Other topics include ways to bolster confidence by improvising in the kitchen, easy weeknight dinner suggestions, how to involve children in family meal preparation and tips for updating year-round recipes by using seasonal produce.
Clark also puts an intriguing spin on barley soup, a perfect winter favorite that's often mundane. She does it with a disarming addition of spices, chicken, sweet potato and spinach. It's a winning combination that results in a nicely textured broth brimming with bold flavors.
Who would have thought barley soup could be so good?

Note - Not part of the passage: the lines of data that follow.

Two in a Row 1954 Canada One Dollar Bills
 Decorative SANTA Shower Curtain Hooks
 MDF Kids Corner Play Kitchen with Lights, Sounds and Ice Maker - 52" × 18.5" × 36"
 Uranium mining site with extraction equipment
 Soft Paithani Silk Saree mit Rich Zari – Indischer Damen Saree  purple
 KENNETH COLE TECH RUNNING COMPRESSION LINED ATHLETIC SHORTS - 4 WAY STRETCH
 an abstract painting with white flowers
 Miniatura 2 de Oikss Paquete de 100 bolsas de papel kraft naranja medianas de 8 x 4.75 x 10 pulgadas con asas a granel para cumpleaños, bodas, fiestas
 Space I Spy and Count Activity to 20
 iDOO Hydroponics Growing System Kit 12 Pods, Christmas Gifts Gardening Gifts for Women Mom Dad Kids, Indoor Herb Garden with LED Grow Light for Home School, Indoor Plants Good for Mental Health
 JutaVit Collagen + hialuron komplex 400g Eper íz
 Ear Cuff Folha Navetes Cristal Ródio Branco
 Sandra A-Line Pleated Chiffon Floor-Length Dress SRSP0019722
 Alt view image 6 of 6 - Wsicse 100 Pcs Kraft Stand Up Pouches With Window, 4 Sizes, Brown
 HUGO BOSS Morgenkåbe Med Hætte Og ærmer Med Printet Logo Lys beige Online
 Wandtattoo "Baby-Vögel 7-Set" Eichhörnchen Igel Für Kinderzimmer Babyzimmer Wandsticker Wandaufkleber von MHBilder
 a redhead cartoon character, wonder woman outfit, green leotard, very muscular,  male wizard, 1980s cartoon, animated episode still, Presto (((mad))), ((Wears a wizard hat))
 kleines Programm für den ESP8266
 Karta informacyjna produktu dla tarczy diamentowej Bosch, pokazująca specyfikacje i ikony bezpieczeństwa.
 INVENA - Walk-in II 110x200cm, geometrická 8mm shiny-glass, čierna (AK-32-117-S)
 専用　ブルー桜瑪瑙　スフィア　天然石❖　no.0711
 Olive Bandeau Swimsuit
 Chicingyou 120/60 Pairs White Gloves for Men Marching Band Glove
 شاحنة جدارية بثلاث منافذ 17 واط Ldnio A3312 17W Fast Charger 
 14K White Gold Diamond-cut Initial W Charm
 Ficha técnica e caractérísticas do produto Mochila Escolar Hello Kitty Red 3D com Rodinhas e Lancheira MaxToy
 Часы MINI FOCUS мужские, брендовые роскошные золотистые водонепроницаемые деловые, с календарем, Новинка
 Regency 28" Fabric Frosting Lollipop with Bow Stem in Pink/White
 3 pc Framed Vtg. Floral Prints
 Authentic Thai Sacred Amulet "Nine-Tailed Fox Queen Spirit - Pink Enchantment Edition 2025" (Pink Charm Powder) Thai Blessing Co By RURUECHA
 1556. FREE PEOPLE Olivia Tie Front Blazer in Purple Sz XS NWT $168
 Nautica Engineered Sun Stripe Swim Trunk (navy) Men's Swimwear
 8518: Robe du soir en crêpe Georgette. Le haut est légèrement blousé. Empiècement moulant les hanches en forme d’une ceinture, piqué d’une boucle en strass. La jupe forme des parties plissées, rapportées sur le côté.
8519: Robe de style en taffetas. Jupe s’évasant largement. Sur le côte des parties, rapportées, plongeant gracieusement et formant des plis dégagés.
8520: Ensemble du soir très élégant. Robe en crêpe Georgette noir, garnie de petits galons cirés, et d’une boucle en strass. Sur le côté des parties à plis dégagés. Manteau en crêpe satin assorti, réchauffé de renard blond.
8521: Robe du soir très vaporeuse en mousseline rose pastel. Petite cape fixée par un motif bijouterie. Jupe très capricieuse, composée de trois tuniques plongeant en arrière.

SPICY CHICKEN BARLEY SOUP WITH SWEET POTATOES AND SPINACH
(Serves 6 to 8)
3 T extra-virgin olive oil
1 Spanish onion, chopped
1 tsp. kosher salt, plus more to taste
1/2 tsp. sweet paprika
1/4 tsp. ground cinnamon
1/4 tsp. chili powder
1/4 tsp. ground coriander
1/4 tsp. freshly ground black pepper
Pinch cayenne
1 T tomato paste
3 garlic cloves, chopped
6 C low-sodium or good homemade chicken broth
1 C pearled barley, rinsed well
1 sweet potato, peeled and diced
12 oz. boneless, skinless chicken breasts or thighs, cut into bite-size pieces
5 oz. (1 bag) fresh baby spinach
1/2 C chopped fresh cilantro or mint
1 T freshly squeezed lemon juice
Lemon wedges, for serving
Heat the oil in a large soup pot over high heat. Add the onion and salt and saute until limp, about 3 minutes. Add all the spices and saute until fragrant, about 2 minutes. Add the tomato paste and saute for another minute, until darkened but not burned. (If the tomato paste gets dark too quickly, lower the heat.)
Add the garlic and continue to saute for 1 minute longer.
Return the heat to high if you lowered it, then add the broth, 2 cups water and the barley to the pot. Bring to a boil and let simmer for 30 minutes. add the sweet potato and continue to cook until the barley and sweet potato are soft, about 30 minutes to an hour more, adding more water to the pot if necessary (it should not get too thick; this is soup, not stew). Add the chicken, partially cover the pot, lower the heat to medium-low, and simmer for 10 minutes.
Add the spinach and cilantro or mint to the pot and continue simmering until the spinach is wilted, about 5 minutes longer. Stir in the lemon juice and more salt if desired. Serve garnished with cilantro or mint and lemon wedges. Note: If your chicken broth is on the salty side, reduce the salt to one-half teaspoon to start. You can always add more salt later.